- _Input material_:
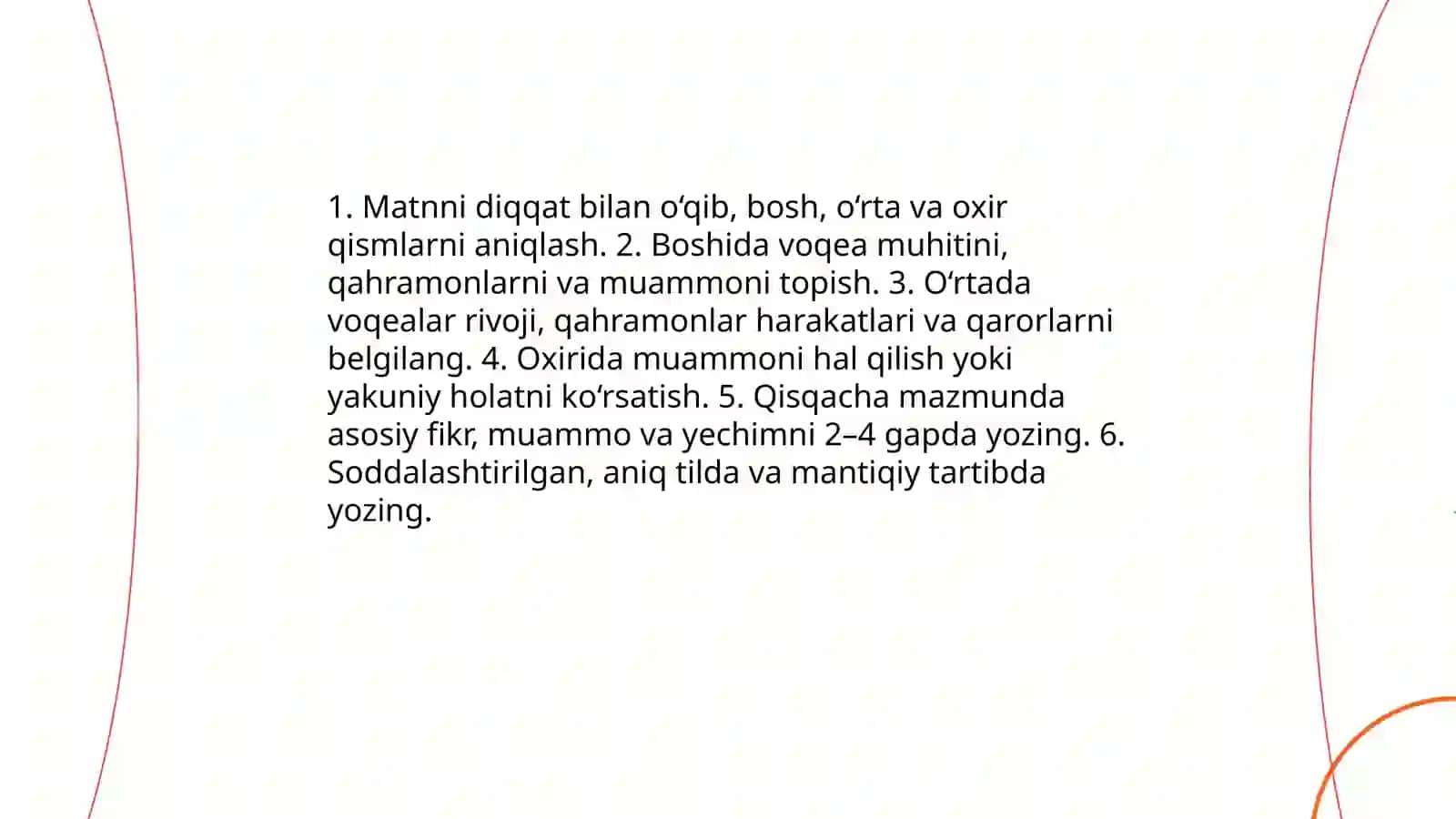 3-sinf O‘qish savodxonligi (3-qism) darslarida badiiy asar tahlili 3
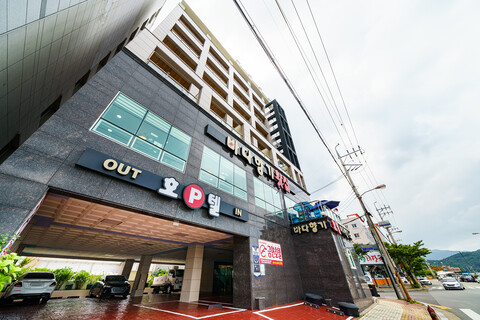 통영 호텔 바다향기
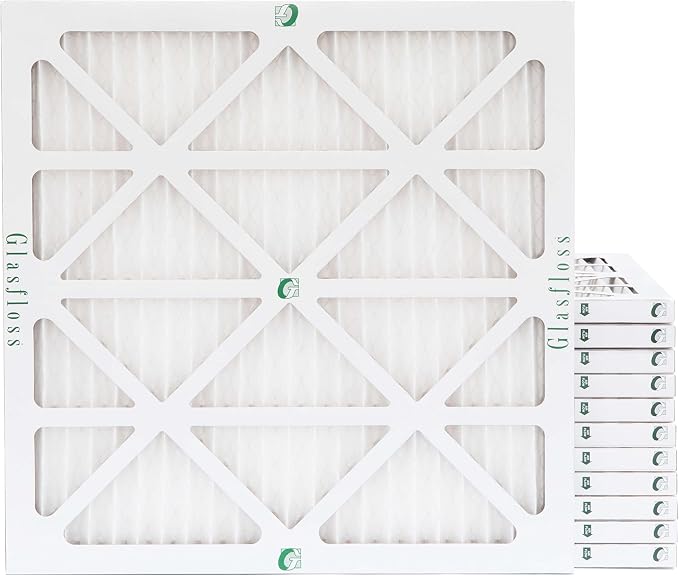 Glasfloss ZL 24x24x1 MERV 13 Air Filters by Glasfloss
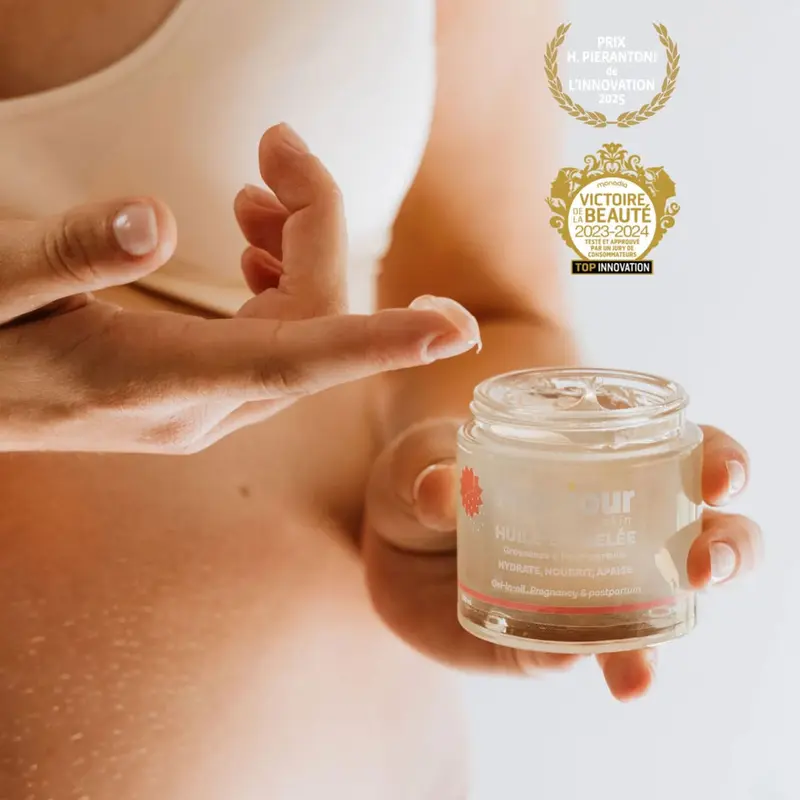 Huile en gelée massage maman & bébé 100ml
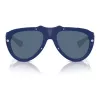 Burberry BE4433U 413980 Unisex akiniai Havana Brown 57mm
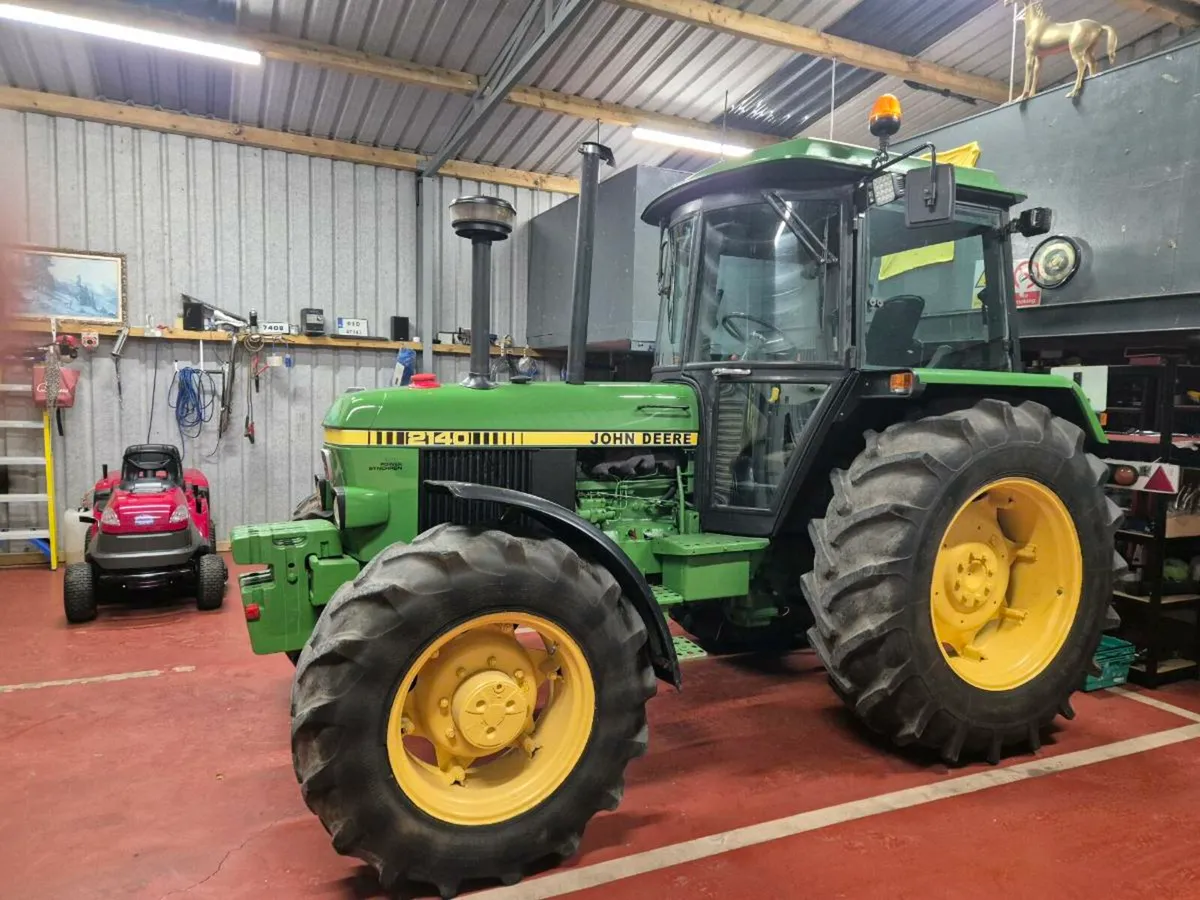 john deere 2140 - Image 2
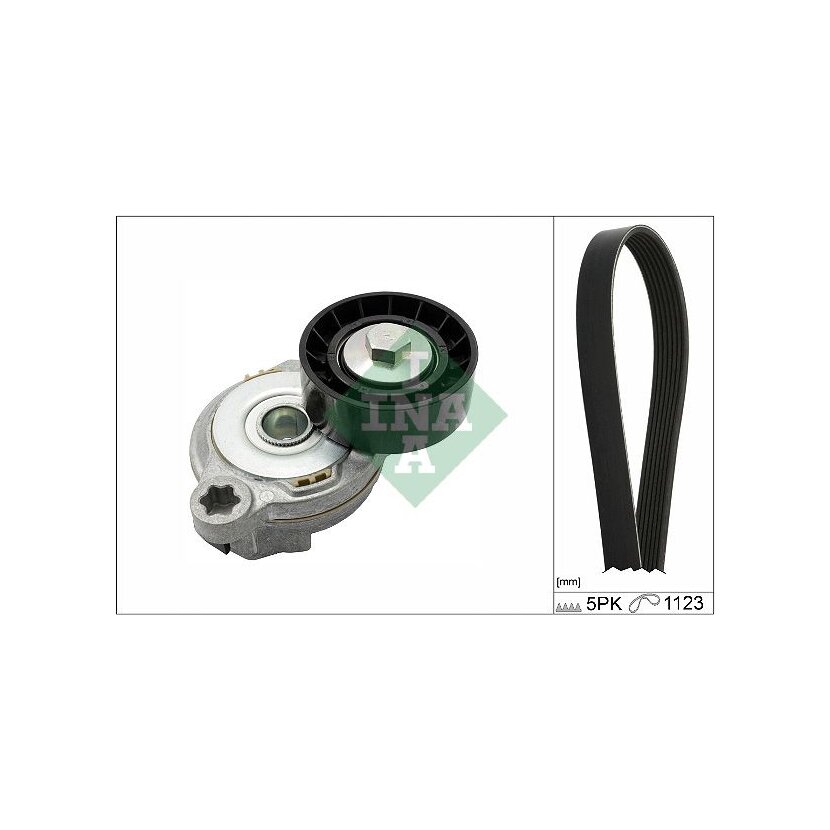 Schaeffler INA Keilrippenriemensatz 529 0375 10 - 529037510 für 30757514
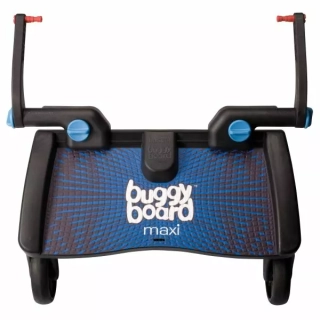 Lascal stupátko Buggy Board MAXI-Black/Blue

- _Task to carry out_: Output a verbatim copy of the entries and skip the pictures.

- _Result of the exercise_:
 3-sinf O‘qish savodxonligi (3-qism) darslarida badiiy asar tahlili 3
 통영 호텔 바다향기
 Glasfloss ZL 24x24x1 MERV 13 Air Filters by Glasfloss
 Huile en gelée massage maman & bébé 100ml
 Burberry BE4433U 413980 Unisex akiniai Havana Brown 57mm
 john deere 2140 - Image 2
 Schaeffler INA Keilrippenriemensatz 529 0375 10 - 529037510 für 30757514
 Lascal stupátko Buggy Board MAXI-Black/Blue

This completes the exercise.